Dynamic renal artery stenosis: An incidental angiographic diagnosis or is there more to it than meets the eye?

Puneeth Shridhar*1, Gustav Eles2, David Lasorda2 and YoungJae Chun1,3,4

1Department of Bioengineering, University of Pittsburgh, Pittsburgh, USA

2Department of Cardiology, Allegheny General Hospital, Pittsburgh, USA

3Department of Industrial Engineering, University of Pittsburgh, Pittsburgh, USA

4McGowan Institute for Regenerative Medicine, Pittsburgh, USA

*Corresponding Author:
Puneeth Shridhar
Department of Bioengineering
University of Pittsburgh, Pittsburgh, USA
E-mail: pus8@pitt.edu

Abstract

Renal artery stenosis is a major cause of secondary hypertension. Bilateral non-atherosclerotic non-dysplastic renal artery stenosis can be seen following compression of the renal arteries by diaphragmatic crura/median arcuate ligament or external masses or fibrous bands. Never before, dynamic bilateral proximal stenosis, a new entity has been reported. The treatment is unknown. The learning point is that the patients undergoing angiographic screening for renovascular hypertension should undergo ‘breath in breath out’ test in order to visualize renal artery motion.

Keywords

renal angiography, renal artery, renovascular hypertension, dynamic stenosis.

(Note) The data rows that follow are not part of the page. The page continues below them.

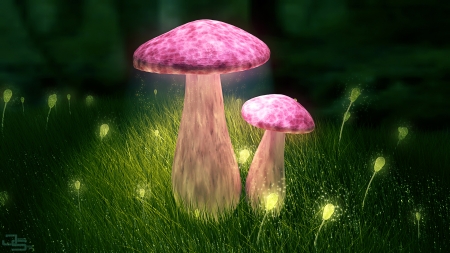 Pink mushrooms - game, flower, pink, fantasy, green, johnny8901, mushrooms, CG, luminos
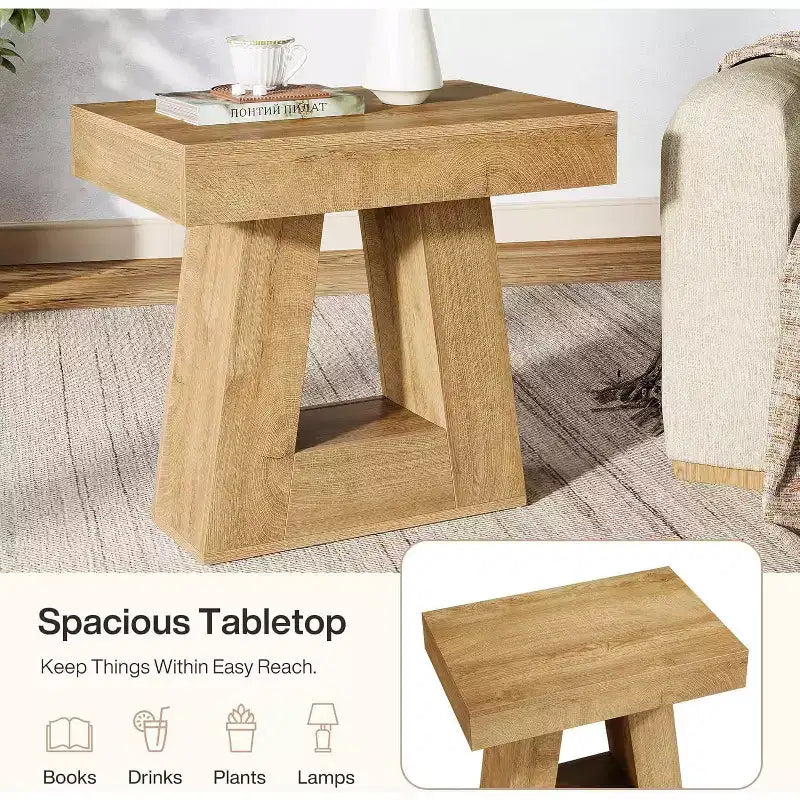 Table d'appoint en bois de 61 cm pour salon, bout de canapé à 2 niveaux avec base trapézoïdale, petite table de chevet de ferme pour chambre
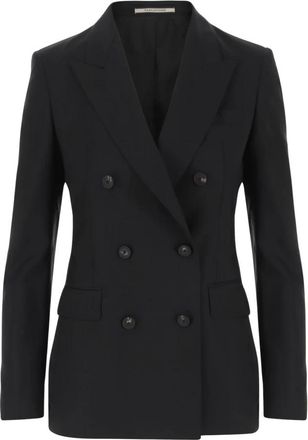 Tagliatore Blazers, female, Blue, M, Stretch Wool Double-breasted Jacket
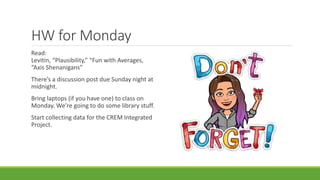 HW for Monday
Read:
Levitin, “Plausibility,” “Fun with Averages,
“Axis Shenanigans”
There’s a discussion post due Sunday night at
midnight.
Bring laptops (if you have one) to class on
Monday. We’re going to do some library stuff.
Start collecting data for the CREM Integrated
Project.
 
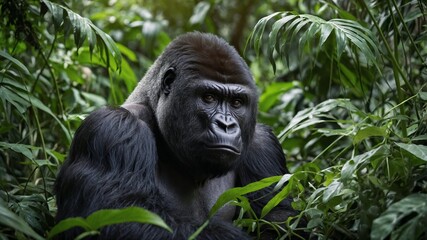 Obraz premium Gorilla Sitting in Foliage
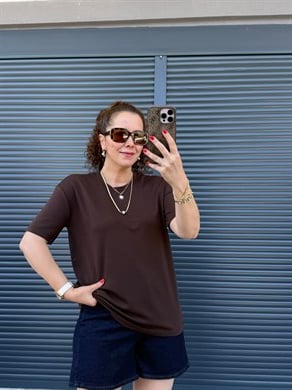 Modal Kumaş Bisiklet Yaka Basic T-Shirt Acı Kahve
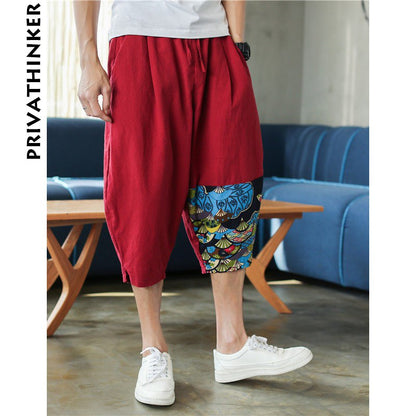 Sinicism Shop Mens Cotton Linen Harem Pants Male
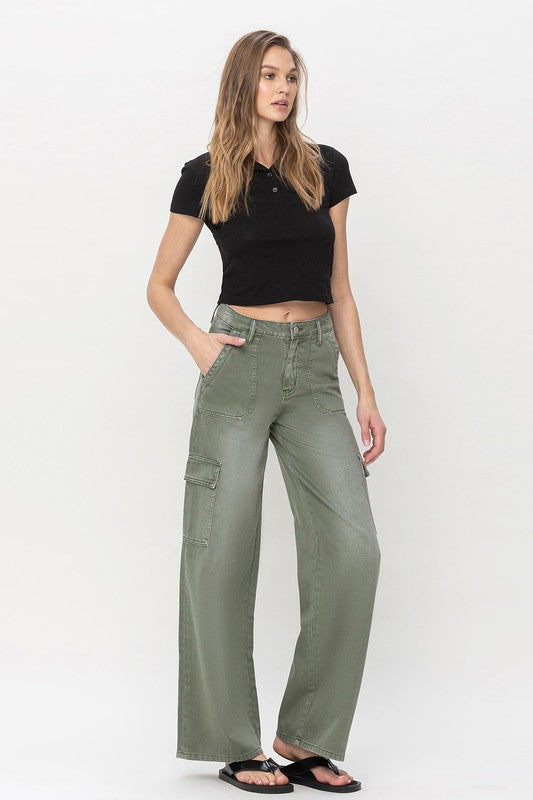 High Rise Cargo Wide Leg Jeans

Bilateral external compression of the renal arteries by the lower insertion of diaphragmatic crura/median arcuate ligament, fibrous bands, renal, ovarian or other masses could result in bilateral renal artery stenosis [1]. In such a scenario, the compression of renal arteries in relation to the respiration is not dynamic in nature. We describe a condition resulting in secondary hypertension with negative results found on computed tomography angiography (CTA) and duplex renal ultrasound (DRU) and presenting as a dynamic compression of the renal arteries on arteriography on normal respiration.

Renal artery stenosis accounts for 30% cases of refractory hypertension [2]. The two most common causes of renal vascular hypertension are atherosclerosis and fibromuscular dysplasia. Although, there are various other causes, there exists a large consensus about possible role of respiration impacting renal artery stenosis. This is mostly in the form of external compression of unilateral and, rarely, bilateral renal arteries [3]. We describe a scenario where dynamic renal artery stenosis related to respiration is seen in the absence of any external compression.

The relationship between respiratory cycle and its influence on renal artery motion has been studied in a small group of patients with abdominal aortic aneursym. The study demonstrated the proximal renal arterial motion during breath, with a median magnitude of 3 mm [4]. The authors concluded renal motion is an important indicator which could have clinical consequences including possible stenosis. Another study suggested both bending and change in angulation of renal arteries due to positional change of kidneys during normal respiration [5].

We describe a condition resulting in secondary hypertension with negative results found on computed tomography angiography (CTA) and duplex renal ultrasound (DRU) and presenting as a dynamic compression of the renal arteries on arteriography on normal respiration. Pressure measurements were obtained across the renal artery during inspiration and expiration. In our experience, excessive motion of the proximal renal arteries was noted during expiration due to diaphragmatic motion. There was no arterial compression or upward migration of the kidney towards the diaphragm. Blood velocity across the proximal renal arteries during normal breathing measured by DRU may be insignificant in this situation. We continued to follow up our patients on long term basis showing no change in refractory hypertension.

Chronic respiratory disorders might also have a contributing role in worsening of dynamic renal artery stenosis. DRU and CTA may play a minimal role in detecting dynamic renal artery stenosis. Renal arteriography with inclusion of “breath in and breath out” test during the procedure shall be the most useful tool to help physicians diagnose this condition [6]. It is very important to correlate the kinetics in tandem with both inspiration and expiration and appreciate the fluctuating stenosis. Larger investigative studies could help in detecting more patients with resistant hypertension who could have dynamic renal artery stenosis. Surgeries will unlikely help. Long term implications of dynamic stenosis will have to be studied in detail.

Dynamic renal artery stenosis may be labelled as an undetected and unreported condition which could play a role in renovascular hypertension. This phenomenon might possibly help physicians, in future; explain resistant hypertension in a small number of patients. Conservative approach would be mostly recommended.